交通事故、特に死亡事故の場合に発生する損害賠償の内容は以下のような項目になります。

①逸失利益

②死亡慰謝料

それぞれどのようなものになるか、項目ごとに見ていきましょう。

 

①逸失利益

死亡事故の中で最も大きな割合を占めるのがこの逸失利益です。被害者が生きていた場合に仕事などで得られたであろう収入を仮定して、得られなかった部分、つまり残りの人生で得るはずであった利益を損害とするというものです。

では、実際にどのような方法で逸失利益は計算されるのでしょうか。

計算式としては以下のようになります。

逸失利益=基礎収入額×(1-生活費控除率)×就労可能年数に対応するライプニッツ係数

 

生活費控除率というのは、死亡によって生活費が不要になるためその分を控除するために設けられた数値です。被害者が一家の大黒柱であったか等によって異なりますが、大体50%~30%間で計算されます。

 

最後にライプニッツ係数とは何かと思われるでしょうがこれについては非常に複雑で説明すると非常に長くなってしまうので割愛させて頂きます。一応就労可能年数ごとに保険会社などで決めた係数がインターネットなどでも公表されておりますので、詳細はそちらをご参照ください。

さて、逸失利益の計算を見て頂ければお分かりの通り、基本的にはその人の収入額に対して残りの就労可能と思われる期間をかけたものが数字の根拠になっています。

したがって、収入の高い方を交通事故で死亡させてしまったようなケースでは非常に高額な逸失利益が発生することになります。

例えば、事故当時年収1000万円、52歳の会社員が妻子を残して死亡してしまったようなケースでは、

基礎収入1000万円、生活費控除率30%、労働能力喪失期間(67歳までの年数=15年)に対応するライプニッツ係数10.380で計算されることになるため、

逸失利益=基礎収入×(1-生活費控除率)×ライプニッツ係数

    =1,0000000×(1-0.3)×10.380

    =72,660,000

つまり7266万円がこの場合の逸失利益となります。

 

②死亡慰謝料

逸失利益と並んで死亡事故の場合に大きな割合を占めるのが死亡慰謝料です。死亡慰謝料は、被害者が死亡したときに遺族の方に支払われる慰謝料です。

被害者が死んでいるのに何故慰謝料が発生するのか不自然に思う方もいるかもしれませんが、被害者の方は死亡する瞬間に強い不安感や恐怖感を感じていると考えられるので、被害者に対して慰謝料が発生すると考えられています。 こうして発生した慰謝料を遺族の方が相続するので、慰謝料請求ができると考えられています。
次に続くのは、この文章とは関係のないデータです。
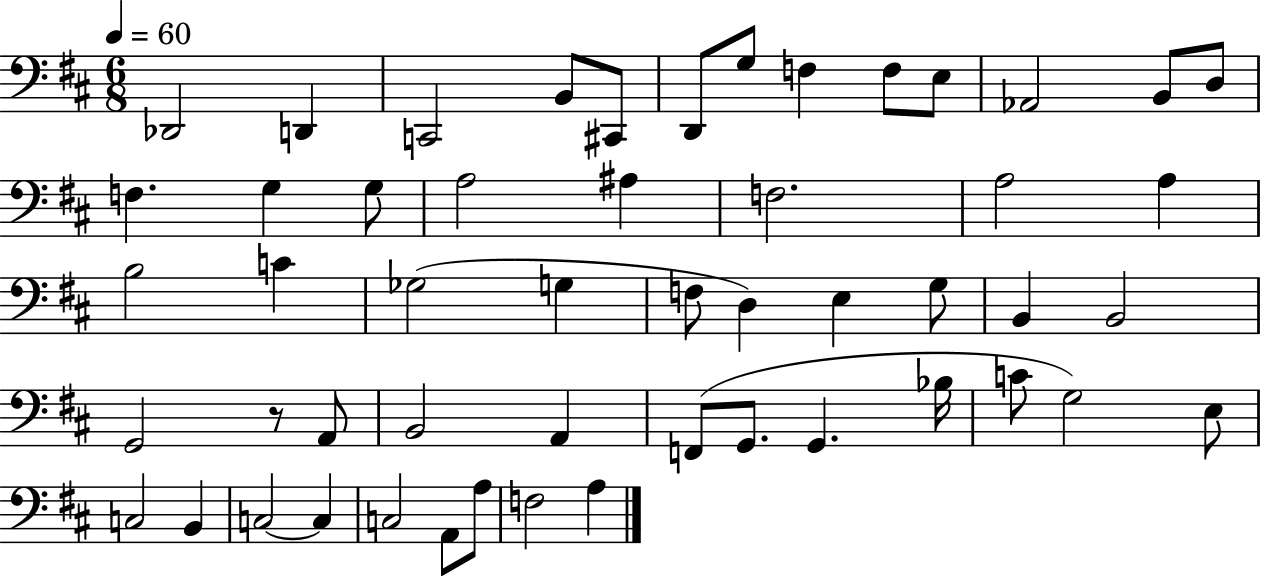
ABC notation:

X:1
T:Untitled
M:6/8
L:1/4
K:D
_D,,2 D,, C,,2 B,,/2 ^C,,/2 D,,/2 G,/2 F, F,/2 E,/2 _A,,2 B,,/2 D,/2 F, G, G,/2 A,2 ^A, F,2 A,2 A, B,2 C _G,2 G, F,/2 D, E, G,/2 B,, B,,2 G,,2 z/2 A,,/2 B,,2 A,, F,,/2 G,,/2 G,, _B,/4 C/2 G,2 E,/2 C,2 B,, C,2 C, C,2 A,,/2 A,/2 F,2 A,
相続により請求することになるため、被害者と一定の関係にある親族しか請求することができません。具体的には①被害者の配偶者との子、②被害者の配偶者、③被害者の直系尊属(両親など)④被害者の兄弟姉妹等に限定されます。

 

その他の死亡事故の場合の問題

死亡自己特有の問題としては、事故の処理を進めていく必要がある一方で被害者の方の相続を進めていかなければならないという問題もあります。特に死亡から一定期間が経過してしまうと、全てを無条件で相続することになってしまうため借金などがあった場合には、予期せぬ借金まで相続することになってしまいます。

死亡事故の場合にはこうした借金問題と併せて解決する必要があるため、早い段階で専門家へご相談されることをおすすめします。